# Arcadia bird lamp blown AGAIN!!!



## chalky76 (Aug 23, 2007)

Well as the title says really. This is the 2nd one to blow in just a few months and as they are £33 a pop (excuse the pun) I've decided not to replace this one. I mean £99 in a little over three months is just ridiculous!!!!!!

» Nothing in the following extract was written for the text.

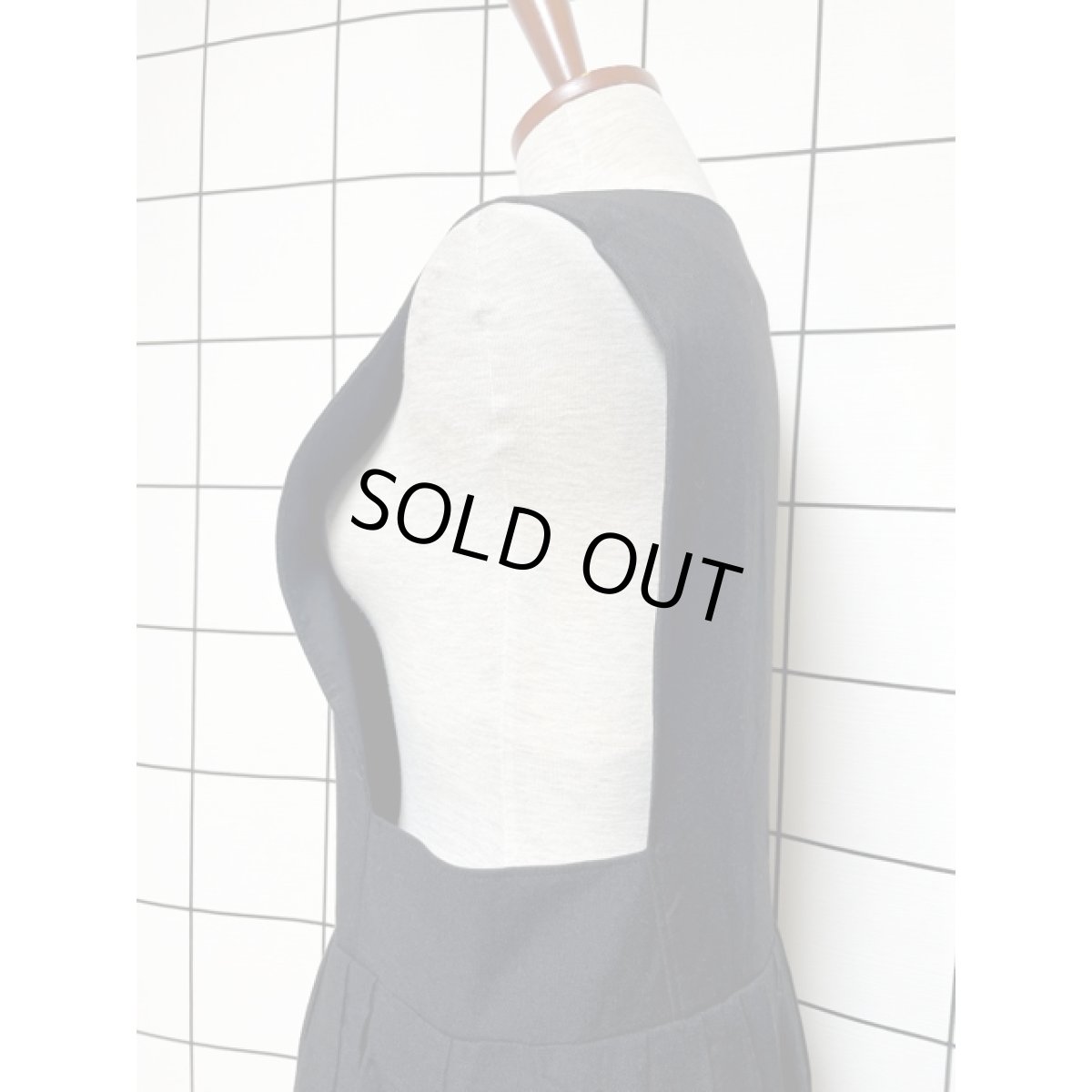 画像5: チロリアンワンピース リネン 無地 前開き ドイツ民族衣装 オクトーバーフェスト (5)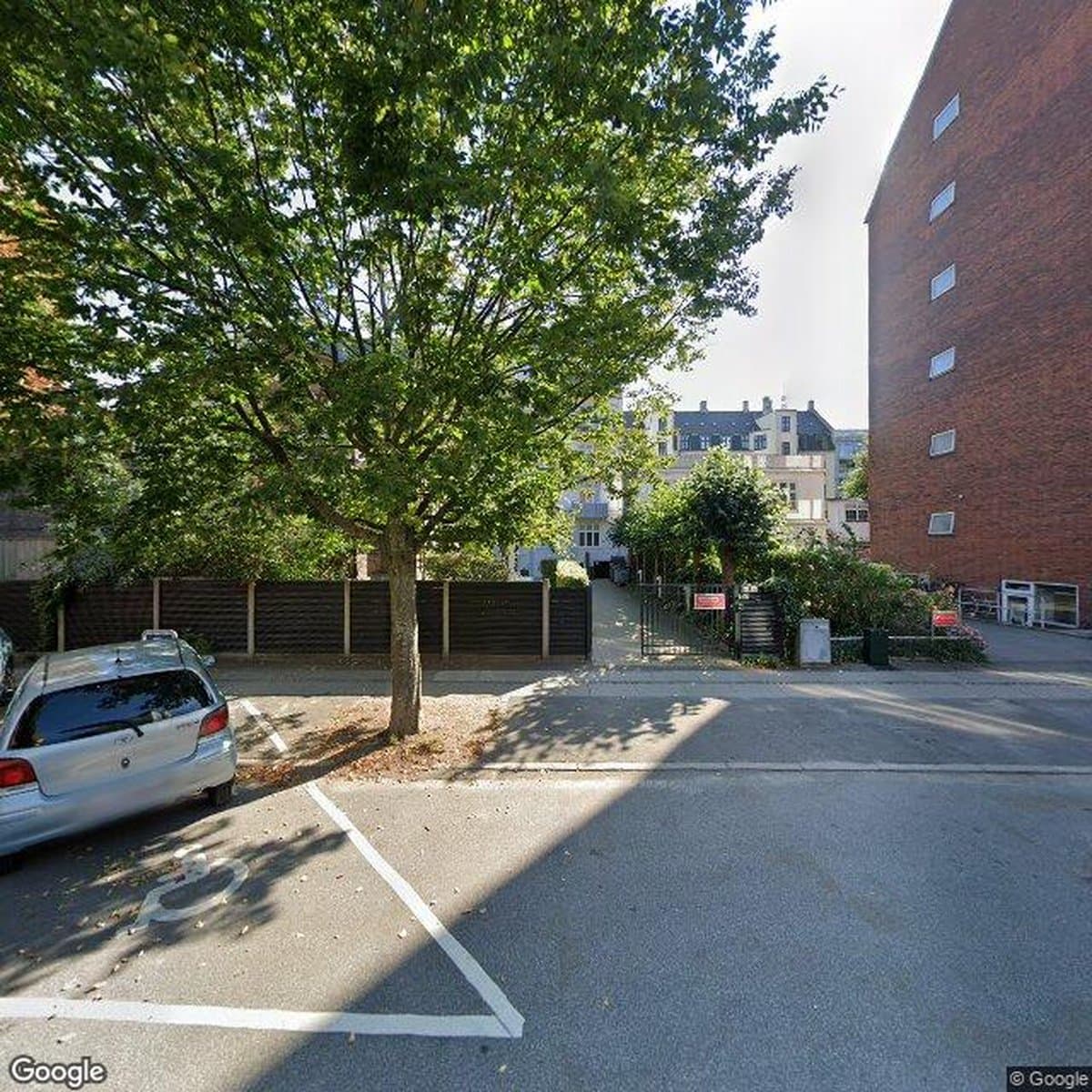 Andelsboligforeningen Lindely, andelsboligforening i Frederiksberg C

Has anyone else had any problems with them?

Cheers

Chalky


----------



## Arcadiajohn (Jan 30, 2011)

This is terrible,

Pm me you address and I will send you another one.

John.




chalky76 said:


> Well as the title says really. This is the 2nd one to blow in just a few months and as they are £33 a pop (excuse the pun) I've decided not to replace this one. I mean £99 in a little over three months is just ridiculous!!!!!!
> 
> Has anyone else had any problems with them?
> 
> ...


----------



## chalky76 (Aug 23, 2007)

Arcadiajohn said:


> This is terrible,
> 
> Pm me you address and I will send you another one.
> 
> John.


Well what can I say, what a totally awesome bloke. I was expecting Arcadia just to say that its one of those things and that bulbs sometimes pop but that's what I call exceptional service. :no1:


----------



## chalky76 (Aug 23, 2007)

Well the replacement bulb came today. Hopefully it will last a tad longer then the other two but either way I have to say John is a true star. Thanks ever so much for sending me this, utter professionalism. :no1::no1::no1:

Cheers

Chalky


----------